Wenn über erneuerbare Energien gesprochen wird, landet die Debatte reflexartig bei Klimazielen, CO₂-Budgets und Pariser Abkommen. Das ist sachlich nicht falsch, politisch aber längst zu schmal. Die härtere Frage lautet inzwischen nicht mehr nur, wie viel Emissionen Europa senkt. Sie lautet, wie abhängig Deutschland und Europa bleiben wollen: von fossilen Importen, geopolitischen Engpässen, fremden Lieferketten und Preisformationen, die außerhalb des eigenen Machtbereichs entstehen.
Erneuerbare Energien sind deshalb keine ökologische Nebenfrage mehr. Sie sind Machtpolitik. Sie entscheiden darüber, ob Energieversorgung ein permanenter Verwundbarkeitspunkt bleibt oder zu einem Instrument strategischer Autonomie wird. Wer sie weiterhin nur als Klimaschutzprojekt behandelt, verkennt den sicherheitspolitischen und industriepolitischen Kern der Debatte.

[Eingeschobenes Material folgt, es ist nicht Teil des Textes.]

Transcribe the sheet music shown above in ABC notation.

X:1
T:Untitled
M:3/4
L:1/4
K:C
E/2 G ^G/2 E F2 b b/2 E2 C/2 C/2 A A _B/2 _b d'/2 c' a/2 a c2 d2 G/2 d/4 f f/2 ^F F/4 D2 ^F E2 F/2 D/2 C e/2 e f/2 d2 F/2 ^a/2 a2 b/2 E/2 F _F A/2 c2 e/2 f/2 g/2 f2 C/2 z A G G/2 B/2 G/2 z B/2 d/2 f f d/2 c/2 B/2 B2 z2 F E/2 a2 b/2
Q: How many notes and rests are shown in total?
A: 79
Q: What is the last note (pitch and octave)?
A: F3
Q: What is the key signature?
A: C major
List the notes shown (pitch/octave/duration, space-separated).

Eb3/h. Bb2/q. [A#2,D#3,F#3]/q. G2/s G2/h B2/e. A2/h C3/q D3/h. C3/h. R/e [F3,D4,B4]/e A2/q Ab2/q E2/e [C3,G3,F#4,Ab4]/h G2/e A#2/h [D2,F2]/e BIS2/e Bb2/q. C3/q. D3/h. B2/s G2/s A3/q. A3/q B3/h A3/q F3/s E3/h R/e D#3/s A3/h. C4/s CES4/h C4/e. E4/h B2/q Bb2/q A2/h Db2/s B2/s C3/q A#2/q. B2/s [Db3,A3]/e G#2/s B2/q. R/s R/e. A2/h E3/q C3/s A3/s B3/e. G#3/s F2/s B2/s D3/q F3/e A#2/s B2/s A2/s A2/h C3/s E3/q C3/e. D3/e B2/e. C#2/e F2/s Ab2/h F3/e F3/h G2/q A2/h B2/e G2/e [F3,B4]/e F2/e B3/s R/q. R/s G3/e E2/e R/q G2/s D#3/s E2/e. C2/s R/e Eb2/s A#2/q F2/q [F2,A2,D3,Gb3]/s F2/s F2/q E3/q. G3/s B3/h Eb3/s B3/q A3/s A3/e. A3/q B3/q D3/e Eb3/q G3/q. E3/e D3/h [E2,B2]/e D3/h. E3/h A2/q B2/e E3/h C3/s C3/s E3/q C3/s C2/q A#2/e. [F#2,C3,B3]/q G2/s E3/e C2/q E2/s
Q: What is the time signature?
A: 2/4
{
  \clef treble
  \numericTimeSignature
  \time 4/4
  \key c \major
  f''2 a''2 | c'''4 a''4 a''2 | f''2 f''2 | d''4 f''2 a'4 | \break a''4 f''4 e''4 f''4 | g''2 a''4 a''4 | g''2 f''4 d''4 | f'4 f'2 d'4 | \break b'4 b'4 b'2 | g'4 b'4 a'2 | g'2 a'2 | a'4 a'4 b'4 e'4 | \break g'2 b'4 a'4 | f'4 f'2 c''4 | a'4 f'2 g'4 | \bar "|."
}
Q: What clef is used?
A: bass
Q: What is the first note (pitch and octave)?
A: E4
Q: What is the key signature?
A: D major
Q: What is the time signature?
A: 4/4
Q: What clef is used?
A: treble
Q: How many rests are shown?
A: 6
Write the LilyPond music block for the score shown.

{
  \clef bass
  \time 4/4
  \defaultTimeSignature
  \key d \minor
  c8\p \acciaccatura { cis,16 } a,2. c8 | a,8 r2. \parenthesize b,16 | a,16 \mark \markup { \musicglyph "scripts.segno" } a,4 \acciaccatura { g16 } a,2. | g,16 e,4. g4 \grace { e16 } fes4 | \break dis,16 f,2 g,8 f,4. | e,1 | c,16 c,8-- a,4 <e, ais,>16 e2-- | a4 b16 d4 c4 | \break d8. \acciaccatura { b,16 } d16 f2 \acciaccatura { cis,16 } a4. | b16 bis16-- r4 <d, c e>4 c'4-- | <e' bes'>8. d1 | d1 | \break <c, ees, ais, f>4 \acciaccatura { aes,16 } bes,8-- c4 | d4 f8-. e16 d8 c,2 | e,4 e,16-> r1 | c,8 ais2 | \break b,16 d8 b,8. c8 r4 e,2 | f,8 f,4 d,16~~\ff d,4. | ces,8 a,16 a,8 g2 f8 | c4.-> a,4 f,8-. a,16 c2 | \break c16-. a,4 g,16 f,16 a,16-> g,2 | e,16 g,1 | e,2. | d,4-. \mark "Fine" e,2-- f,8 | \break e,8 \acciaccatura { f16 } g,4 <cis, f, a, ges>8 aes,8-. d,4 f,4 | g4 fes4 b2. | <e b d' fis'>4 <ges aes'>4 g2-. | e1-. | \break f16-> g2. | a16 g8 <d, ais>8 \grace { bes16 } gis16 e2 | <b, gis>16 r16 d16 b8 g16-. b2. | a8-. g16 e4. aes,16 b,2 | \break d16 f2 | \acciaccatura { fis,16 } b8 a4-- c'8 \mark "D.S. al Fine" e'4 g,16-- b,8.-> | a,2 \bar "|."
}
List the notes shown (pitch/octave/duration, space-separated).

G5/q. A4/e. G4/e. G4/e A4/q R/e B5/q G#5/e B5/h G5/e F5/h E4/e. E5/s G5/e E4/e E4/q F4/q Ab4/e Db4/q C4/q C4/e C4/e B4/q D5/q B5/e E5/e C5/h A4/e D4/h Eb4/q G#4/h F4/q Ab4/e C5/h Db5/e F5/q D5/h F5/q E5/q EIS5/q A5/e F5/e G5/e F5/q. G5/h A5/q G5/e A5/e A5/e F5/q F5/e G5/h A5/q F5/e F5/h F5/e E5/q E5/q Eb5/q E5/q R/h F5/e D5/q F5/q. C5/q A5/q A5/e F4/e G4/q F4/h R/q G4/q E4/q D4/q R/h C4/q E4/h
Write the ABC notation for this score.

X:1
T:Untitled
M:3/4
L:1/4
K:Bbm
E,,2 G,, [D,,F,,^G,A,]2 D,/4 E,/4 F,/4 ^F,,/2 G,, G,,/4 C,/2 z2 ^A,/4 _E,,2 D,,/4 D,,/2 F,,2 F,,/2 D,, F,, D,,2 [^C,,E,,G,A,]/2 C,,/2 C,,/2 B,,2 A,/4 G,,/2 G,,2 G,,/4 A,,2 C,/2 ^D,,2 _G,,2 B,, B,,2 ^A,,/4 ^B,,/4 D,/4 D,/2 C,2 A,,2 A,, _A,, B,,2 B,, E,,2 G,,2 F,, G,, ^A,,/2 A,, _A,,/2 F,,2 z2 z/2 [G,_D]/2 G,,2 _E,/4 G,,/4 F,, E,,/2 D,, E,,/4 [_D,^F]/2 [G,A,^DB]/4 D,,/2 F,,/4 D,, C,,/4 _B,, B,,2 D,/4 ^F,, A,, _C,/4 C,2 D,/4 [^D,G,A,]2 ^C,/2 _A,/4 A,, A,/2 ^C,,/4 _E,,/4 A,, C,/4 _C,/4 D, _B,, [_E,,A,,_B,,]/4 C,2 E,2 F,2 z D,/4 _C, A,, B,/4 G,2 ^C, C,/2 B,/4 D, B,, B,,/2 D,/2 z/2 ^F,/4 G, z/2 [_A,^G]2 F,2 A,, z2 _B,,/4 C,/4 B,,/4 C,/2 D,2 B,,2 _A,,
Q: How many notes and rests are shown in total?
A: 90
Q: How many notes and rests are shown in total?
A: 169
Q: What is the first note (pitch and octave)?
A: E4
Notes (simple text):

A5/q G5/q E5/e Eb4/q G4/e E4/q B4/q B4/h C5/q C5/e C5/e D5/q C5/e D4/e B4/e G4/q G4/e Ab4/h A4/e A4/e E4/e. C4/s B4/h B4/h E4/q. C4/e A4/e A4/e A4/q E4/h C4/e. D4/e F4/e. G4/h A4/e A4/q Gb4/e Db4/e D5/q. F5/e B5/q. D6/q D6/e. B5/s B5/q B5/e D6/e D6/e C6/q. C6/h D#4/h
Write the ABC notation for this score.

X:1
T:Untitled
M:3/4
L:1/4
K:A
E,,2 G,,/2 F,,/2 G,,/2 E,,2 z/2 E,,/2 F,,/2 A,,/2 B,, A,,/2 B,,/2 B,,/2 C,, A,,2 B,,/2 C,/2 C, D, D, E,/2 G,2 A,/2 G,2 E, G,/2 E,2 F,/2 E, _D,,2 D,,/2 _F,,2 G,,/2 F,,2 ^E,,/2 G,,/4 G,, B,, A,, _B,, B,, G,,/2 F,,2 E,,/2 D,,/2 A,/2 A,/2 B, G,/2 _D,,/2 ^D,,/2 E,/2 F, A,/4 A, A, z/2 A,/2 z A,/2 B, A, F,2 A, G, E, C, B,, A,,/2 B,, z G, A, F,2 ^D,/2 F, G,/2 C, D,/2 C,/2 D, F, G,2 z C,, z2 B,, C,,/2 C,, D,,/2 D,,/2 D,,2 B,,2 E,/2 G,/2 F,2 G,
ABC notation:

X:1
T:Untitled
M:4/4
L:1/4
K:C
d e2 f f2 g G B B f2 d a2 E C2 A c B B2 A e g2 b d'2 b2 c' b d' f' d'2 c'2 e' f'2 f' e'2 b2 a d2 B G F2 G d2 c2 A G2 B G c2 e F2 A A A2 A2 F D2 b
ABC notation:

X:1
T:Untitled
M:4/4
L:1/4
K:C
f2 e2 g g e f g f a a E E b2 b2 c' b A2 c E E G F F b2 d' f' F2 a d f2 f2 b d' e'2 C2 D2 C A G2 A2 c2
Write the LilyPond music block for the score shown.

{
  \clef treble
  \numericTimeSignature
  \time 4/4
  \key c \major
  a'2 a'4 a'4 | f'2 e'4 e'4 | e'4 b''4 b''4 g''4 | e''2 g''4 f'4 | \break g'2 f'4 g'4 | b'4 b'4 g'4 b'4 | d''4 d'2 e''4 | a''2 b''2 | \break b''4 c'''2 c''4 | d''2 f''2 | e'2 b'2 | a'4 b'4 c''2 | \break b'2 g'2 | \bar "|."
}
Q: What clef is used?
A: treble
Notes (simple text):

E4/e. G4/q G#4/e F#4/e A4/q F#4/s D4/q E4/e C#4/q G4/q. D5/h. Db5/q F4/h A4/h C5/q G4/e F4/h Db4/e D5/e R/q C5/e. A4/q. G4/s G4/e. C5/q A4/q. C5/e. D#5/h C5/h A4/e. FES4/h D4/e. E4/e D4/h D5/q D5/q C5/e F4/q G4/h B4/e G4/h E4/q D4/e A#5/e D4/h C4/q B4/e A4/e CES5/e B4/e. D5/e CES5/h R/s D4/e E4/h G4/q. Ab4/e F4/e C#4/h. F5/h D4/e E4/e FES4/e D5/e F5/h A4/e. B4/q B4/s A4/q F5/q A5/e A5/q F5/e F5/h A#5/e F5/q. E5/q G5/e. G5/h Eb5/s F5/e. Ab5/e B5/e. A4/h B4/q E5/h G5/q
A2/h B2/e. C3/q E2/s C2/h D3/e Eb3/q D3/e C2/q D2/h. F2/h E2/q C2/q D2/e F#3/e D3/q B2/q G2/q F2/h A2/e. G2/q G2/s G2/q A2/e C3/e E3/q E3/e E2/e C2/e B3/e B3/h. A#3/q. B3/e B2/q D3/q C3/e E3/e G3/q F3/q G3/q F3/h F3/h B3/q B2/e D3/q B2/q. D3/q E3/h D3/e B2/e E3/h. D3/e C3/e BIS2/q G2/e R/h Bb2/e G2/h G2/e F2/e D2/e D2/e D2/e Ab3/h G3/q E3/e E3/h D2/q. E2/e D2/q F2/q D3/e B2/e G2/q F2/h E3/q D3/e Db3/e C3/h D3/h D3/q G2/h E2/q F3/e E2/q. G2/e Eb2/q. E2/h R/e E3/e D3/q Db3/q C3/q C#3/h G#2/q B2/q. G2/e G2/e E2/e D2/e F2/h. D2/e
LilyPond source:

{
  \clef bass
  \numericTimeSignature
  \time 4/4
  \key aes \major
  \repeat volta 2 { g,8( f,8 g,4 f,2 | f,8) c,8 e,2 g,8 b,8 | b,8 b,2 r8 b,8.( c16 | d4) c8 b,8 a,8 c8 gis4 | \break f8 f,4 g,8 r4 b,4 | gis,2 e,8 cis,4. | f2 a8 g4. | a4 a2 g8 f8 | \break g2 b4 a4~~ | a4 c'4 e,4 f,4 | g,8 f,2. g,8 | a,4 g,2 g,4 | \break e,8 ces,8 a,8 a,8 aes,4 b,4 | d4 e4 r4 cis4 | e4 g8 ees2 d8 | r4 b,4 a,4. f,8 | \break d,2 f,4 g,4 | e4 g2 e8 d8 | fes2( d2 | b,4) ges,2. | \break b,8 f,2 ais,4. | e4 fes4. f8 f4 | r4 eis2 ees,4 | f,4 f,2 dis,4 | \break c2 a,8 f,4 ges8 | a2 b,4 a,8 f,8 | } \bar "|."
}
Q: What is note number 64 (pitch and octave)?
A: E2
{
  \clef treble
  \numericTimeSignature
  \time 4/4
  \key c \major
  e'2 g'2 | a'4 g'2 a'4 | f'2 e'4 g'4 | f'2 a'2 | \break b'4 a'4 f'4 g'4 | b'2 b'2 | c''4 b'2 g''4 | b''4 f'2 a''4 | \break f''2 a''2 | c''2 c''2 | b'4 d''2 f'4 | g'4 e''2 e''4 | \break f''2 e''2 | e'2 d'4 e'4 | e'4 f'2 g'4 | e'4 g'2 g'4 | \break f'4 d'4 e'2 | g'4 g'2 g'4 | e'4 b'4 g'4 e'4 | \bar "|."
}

Klimaschutz zieht nicht mehr – Sicherheit schon
In Zeiten, in denen Deutschland Hunderte Milliarden in Infrastruktur, Verteidigung und Standortstabilisierung mobilisiert, wirkt die klassische Klimarhetorik auf viele Bürger und Unternehmen abstrakt. CO₂-Pfade, Emissionsbudgets und Langfristziele haben zwar ihre Berechtigung, sie erzeugen aber selten unmittelbare Handlungsbereitschaft. Energiepreise, Lieferfähigkeit und Verwundbarkeit dagegen schon.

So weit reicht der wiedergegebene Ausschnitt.